- Born: 1929^{[citation needed]} Dumduma, Tinsukia
- Died: September 15, 2010
- Education: Post-graduation
- Medical career
- Institutions: Gauhati Medical College and Hospital, Assam Medical College, Silchar Medical College
- Sub-specialties: Psychiatry

= Deepali Dutta =

Deepali Dutta (1929 – 15 September 2010) was an Indian psychiatrist from Assam and a pioneering figure in psychiatric medicine in Northeast India. She served as the President of the Indian Psychiatric Society. Dutta held key academic and administrative roles in medical education in Assam. She served as the Principal of Guwahati Medical College, Assam Medical College and Silchar Medical College and was the only woman to have served as Principal of Guwahati Medical College. She also held the post of Director of Medical Education, Assam.

==Early life and education==
Deepali Dutta was raised in Doom Dooma, a town in the eastern region of Assam. Her father was Hem Borkakoti. She received her early education at Ballika Bidyalaya in Doomdooma and completed her matriculation before moving to Guwahati to attend Cotton College for her pre-university studies. After passing the P.U. examination, she joined Assam Medical College in 1953 to pursue an MBBS degree.
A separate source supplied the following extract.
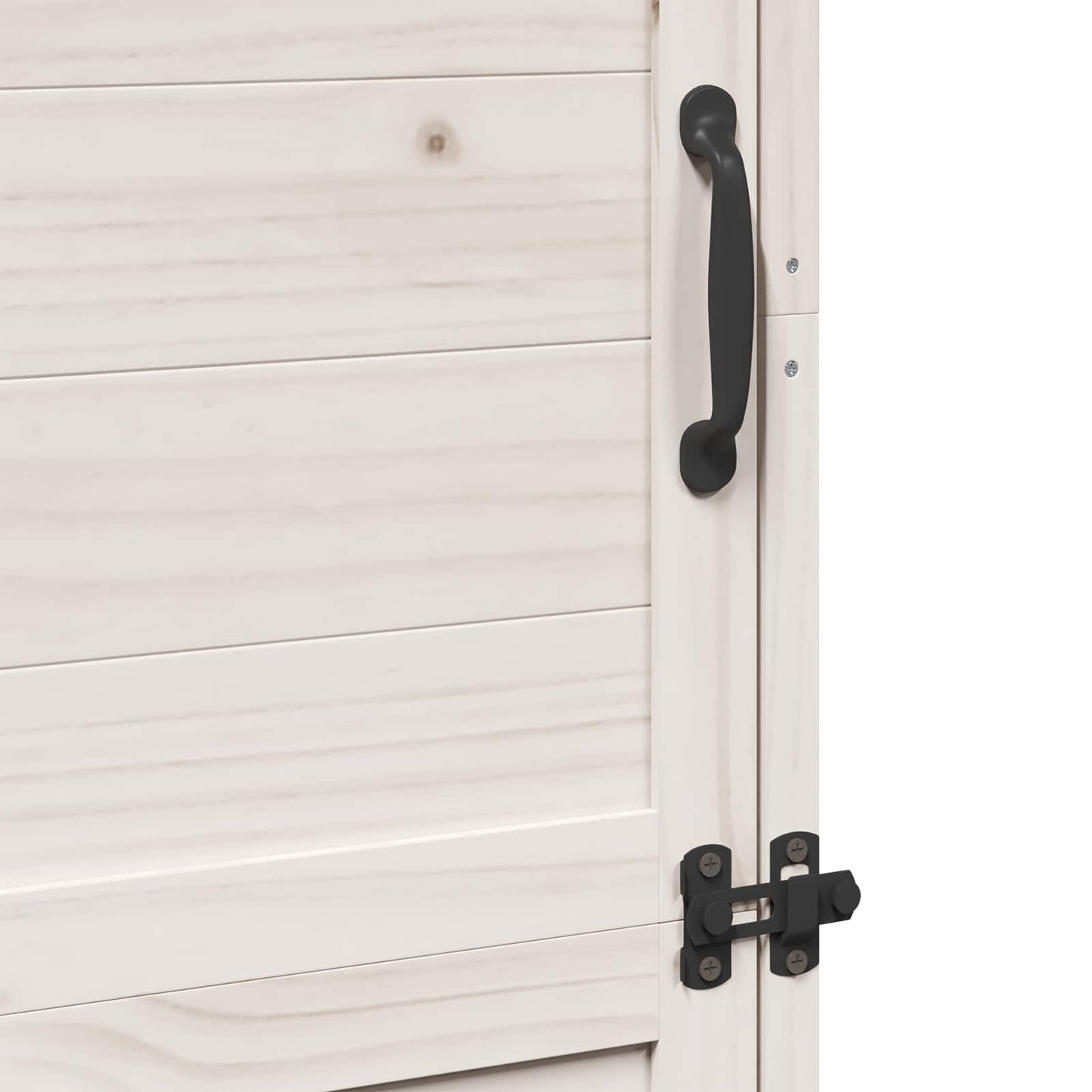 Tuinschuur Wit 59,5 x 56 x 176,5 cm Bewerkt hout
Following graduation, she briefly worked as a demonstrator in the Department of Pathology at Assam Medical College. In 1961, she was selected for higher studies in psychiatry in Edinburgh, United Kingdom, where she met a senior colleague who was pursuing an FRCS. She later obtained degrees such as MRCP, FRC PSYCHE etc. from different institutions. She served as the Principal of Assam Medical College from 1990 to 1992 and Guwahati Medical College from 1992 to 1993.

==Career==
She served as Professor and Principal at Guwahati Medical College, Assam Medical College and Silchar Medical College. She was also appointed as the Director of Directorate of Medical Education, Assam. In 1990, Deepali Dutta held the position of President of the Indian Psychiatric Society. She also served as the chairman of Guwahati Mental Welfare Society.

==Legacy==
The Department of Psychiatry of Guwahati Medical College has been organizing lectures in memory of Dipali Dutta every year to commemorate her contributions.